In a parallel circuit, voltage is the same across every branch, so you use Ohm's law to find each branch current:

• $I_1 = V/R_1$, $I_2 = V/R_2$, and so on
• The branch currents add up to the total current: $I_{total} = I_1 + I_2 + \dots + I_n$

Resistance calculation in series vs parallel

Series: Total (equivalent) resistance is the straight sum of individual resistances.

$R_{total} = R_1 + R_2 + \dots + R_n$

This makes intuitive sense: the current has to push through each resistor one after another, so every resistor adds to the total opposition.

Parallel: The reciprocals of the individual resistances add up to the reciprocal of the total resistance.

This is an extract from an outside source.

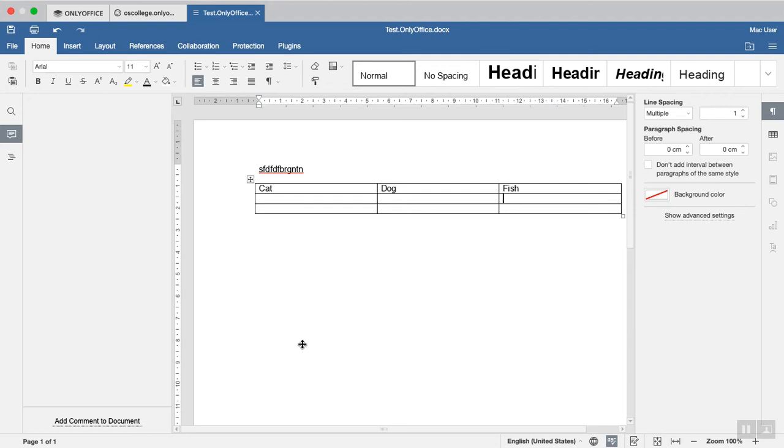Hi, my name is Tim with Otis College, and this is a quick video for OnlyOffice. OnlyOffice is an Office suite as desktop editors for Windows, Mac, and various Linux distros.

$\frac{1}{R_{total}} = \frac{1}{R_1} + \frac{1}{R_2} + \dots + \frac{1}{R_n}$

Why reciprocals? In parallel, you're really adding conductances (the ease of current flow, $G = 1/R$). More paths mean more total conductance, which means less total resistance. The total resistance of a parallel combination is always less than the smallest individual resistor in the group.

Parallel circuits and total resistance

Each resistor you add in parallel opens another path for current. More paths means less overall opposition, so the equivalent resistance drops.

Here's a concrete example with two 10 Ω resistors in parallel:

1. Write the reciprocal formula: $\frac{1}{R_{total}} = \frac{1}{10} + \frac{1}{10} = \frac{2}{10}$
2. Flip to get $R_{total}$: $R_{total} = \frac{10}{2} = 5 \; \Omega$

The result (5 Ω) is half of either individual resistor. For the special case of two resistors in parallel, there's a handy shortcut:

$R_{total} = \frac{R_1 \cdot R_2}{R_1 + R_2}$

This "product over sum" formula saves time and avoids the reciprocal step when you only have two resistors.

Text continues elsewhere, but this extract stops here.